Noël Mitrani (born 11 November 1969 in Toronto, Ontario) is a Canadian-born French film director, producer and screenwriter.

Biography

1999–2005: Early work in France
Born in Toronto from French parents, he went back to France age of 5. A graduate of history and philosophy at the Sorbonne, and for some time a press illustrator, Noël Mitrani entered cinema as a writer. He directed his first short film After Shave in 1999, a comedy set in a suburban supermarket, broadcast on Canal+.

Three other short films followed, the last of which Les Siens (broadcast on France 3 in 2003) addresses the confusion possible between dream and reality.

2006: Breakthrough with On the Trail of Igor Rizzi (Sur la trace d'Igor Rizzi) 
In 2005, Mitrani established his own production company, StanKaz Films, and produced his first feature-length film On the Trail of Igor Rizzi (Sur la trace d'Igor Rizzi), a black comedy starring Laurent Lucas and Isabelle Blais.
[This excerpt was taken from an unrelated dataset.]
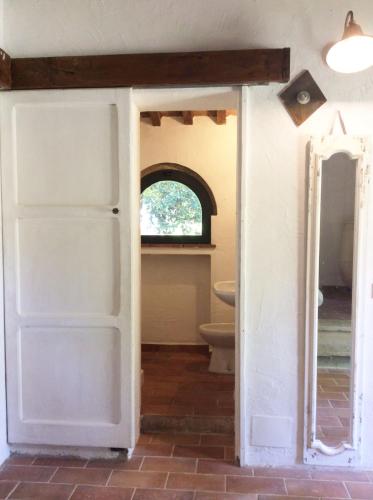 an open door to a bathroom with a toilet at Relais Casale Il Poggetto - I PINI by Zoom In Earth in Cecina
The film won the Toronto International Film Festival Award for Best Canadian First Feature Film at the 2006 Toronto International Film Festival. In Cahiers du cinéma Charles-Stéphane Roy underlines the "quirky humor" of a film which "won the admiration of critics". The Toronto Film Review ranks the film among the top 100 Canadian films. According to the Toronto Star, "Mitrani's first feature, On the Trail of Igor Rizzi has all the earmarks – pink from cold though they may be – of a confidently assured and dangerously promising new talent".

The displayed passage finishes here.